Bug: Unicode should not be escaped in multiple tool call results

I am writing to report an issue I have encountered with the API when conducting tool calls that involve at least two functions. Specifically, the results of these functions include Unicode characters (e.g., Chinese characters), which are being escaped into sequences like \u4f60\u597d before being sent back to the LLM. This behavior leads to two significant problems:

  1. Excessive Token Usage: For instance, the Chinese phrase “你好” typically counts as one token. However, after escaping, it transforms into seven tokens. This unexpectedly increases the token usage by an order of magnitude, particularly affecting use cases such as web scraping and PDF reading tools. Consequently, this issue has unknowingly led to substantial additional costs for me.
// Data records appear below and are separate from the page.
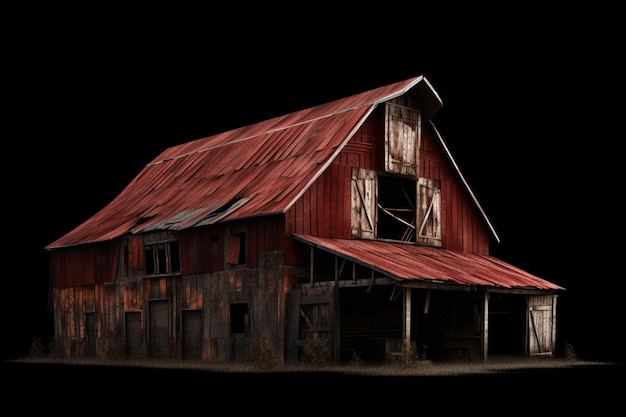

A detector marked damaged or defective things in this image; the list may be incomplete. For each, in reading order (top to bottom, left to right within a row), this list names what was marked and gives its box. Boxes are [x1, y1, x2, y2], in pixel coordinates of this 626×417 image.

rusty metal roof [45, 74, 498, 249]
rusty metal roof [292, 234, 560, 290]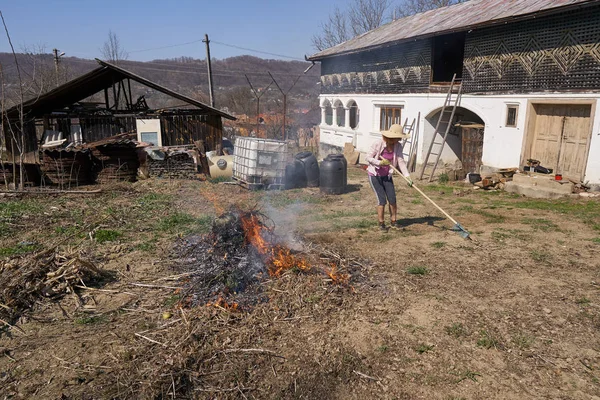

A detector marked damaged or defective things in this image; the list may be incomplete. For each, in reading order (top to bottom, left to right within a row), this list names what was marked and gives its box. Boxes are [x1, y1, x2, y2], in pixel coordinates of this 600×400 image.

damaged roof [308, 0, 596, 60]
damaged roof [9, 58, 234, 119]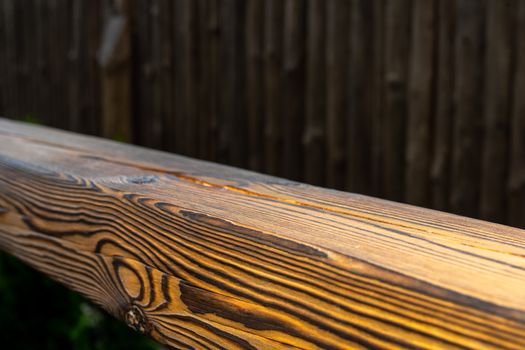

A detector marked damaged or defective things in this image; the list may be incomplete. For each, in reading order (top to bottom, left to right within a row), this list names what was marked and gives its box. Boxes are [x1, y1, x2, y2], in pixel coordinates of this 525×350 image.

burnt wood texture [0, 119, 520, 348]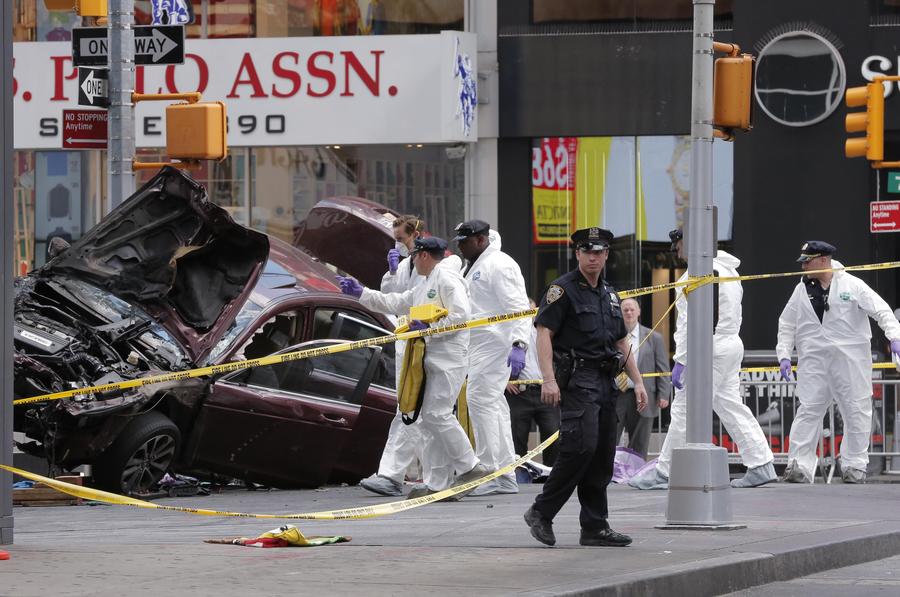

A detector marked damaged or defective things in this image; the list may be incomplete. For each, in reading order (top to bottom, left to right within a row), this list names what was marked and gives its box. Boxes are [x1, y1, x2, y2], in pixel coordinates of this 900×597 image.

crumpled car hood [42, 165, 268, 356]
wrecked maroon car [13, 166, 400, 494]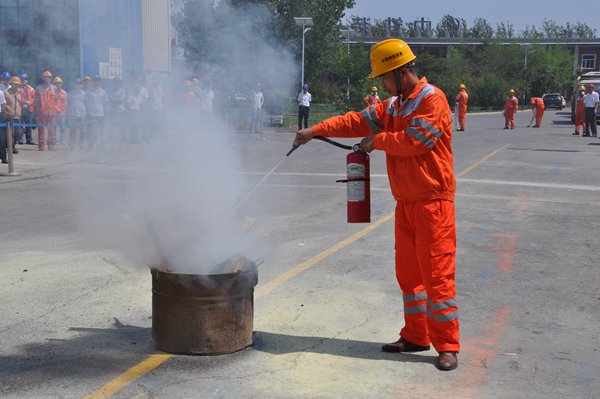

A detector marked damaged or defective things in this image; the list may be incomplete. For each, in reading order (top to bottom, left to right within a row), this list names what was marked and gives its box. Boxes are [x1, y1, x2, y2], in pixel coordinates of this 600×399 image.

rusty metal barrel [150, 262, 258, 356]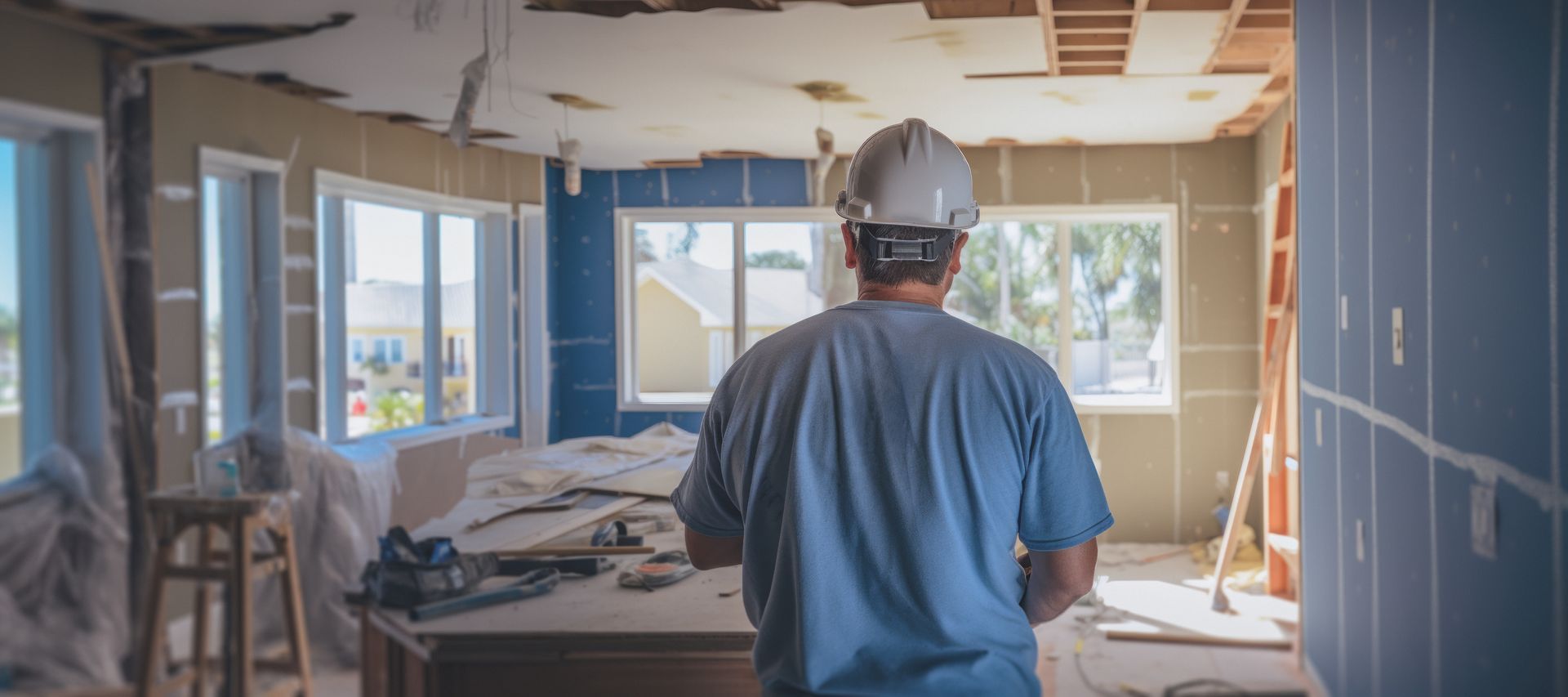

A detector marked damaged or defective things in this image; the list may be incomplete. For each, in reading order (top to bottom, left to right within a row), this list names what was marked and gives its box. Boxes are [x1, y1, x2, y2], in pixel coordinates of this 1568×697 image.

damaged ceiling [60, 0, 1285, 168]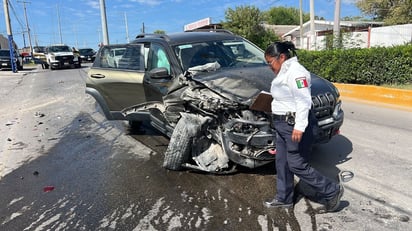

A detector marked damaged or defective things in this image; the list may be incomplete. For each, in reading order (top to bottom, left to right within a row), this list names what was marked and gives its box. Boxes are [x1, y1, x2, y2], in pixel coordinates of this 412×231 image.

severely damaged suv [87, 31, 344, 174]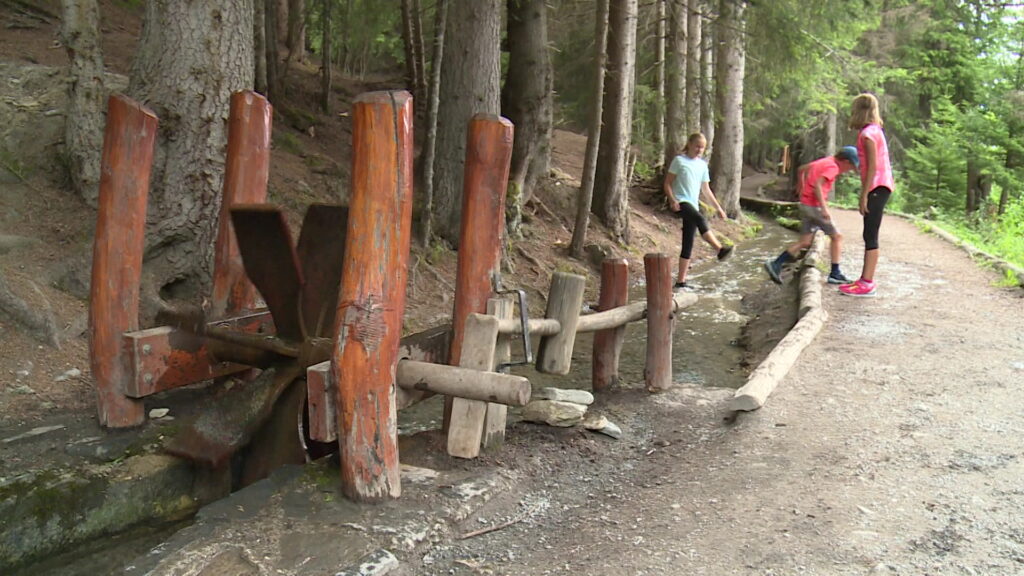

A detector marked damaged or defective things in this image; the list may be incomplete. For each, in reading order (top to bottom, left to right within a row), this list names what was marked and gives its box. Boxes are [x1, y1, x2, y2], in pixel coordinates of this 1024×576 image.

  2. Degradation of LLM Output Quality: The LLM struggles to accurately interpret the content when presented with escaped Unicode sequences because it cannot reliably map each Unicode character to its escaped sequence. This results in a significant drop in the quality of the LLM’s output.

Below is a Python script to reproduce this bug:

import os
from openai import OpenAI

data = [
    {
        "role": "user",
        "content": "Test",
    },
    {
        "role": "assistant",
        "content": "",
        "tool_calls": [
            {
                "id": "call_demo1",
                "type": "function",
                "function": {
                    "name": "open_url",
                    "arguments": '{"url": "https://example1.com/"}',
                },
            },
            {
                "id": "call_demo2",
                "type": "function",
                "function": {
                    "name": "open_url",
                    "arguments": '{"url": "https://example2.com/"}',
                },
            },
        ],
    },
    {
        "role": "tool",
        "name": "open_url",
        "content": 'result: 这是一句中文示例',
        "tool_call_id": "call_demo1",
    },
    {
        "role": "tool",
        "name": "open_url",
        "content": 'result: 这是一句中文示例你好',
        "tool_call_id": "call_demo2",
    },
    {
        "role": "user",
        "content": "Repeat the raw results above in a Python list",
    },
]

client = OpenAI(
    api_key=os.environ.get("OPENAI_API_KEY"),
)

chat_completion = client.chat.completions.create(
    messages=data,
    model="gpt-4o",
)

print(chat_completion)

data[3]['content'] = data[3]['content'][:-2] # removing "你好"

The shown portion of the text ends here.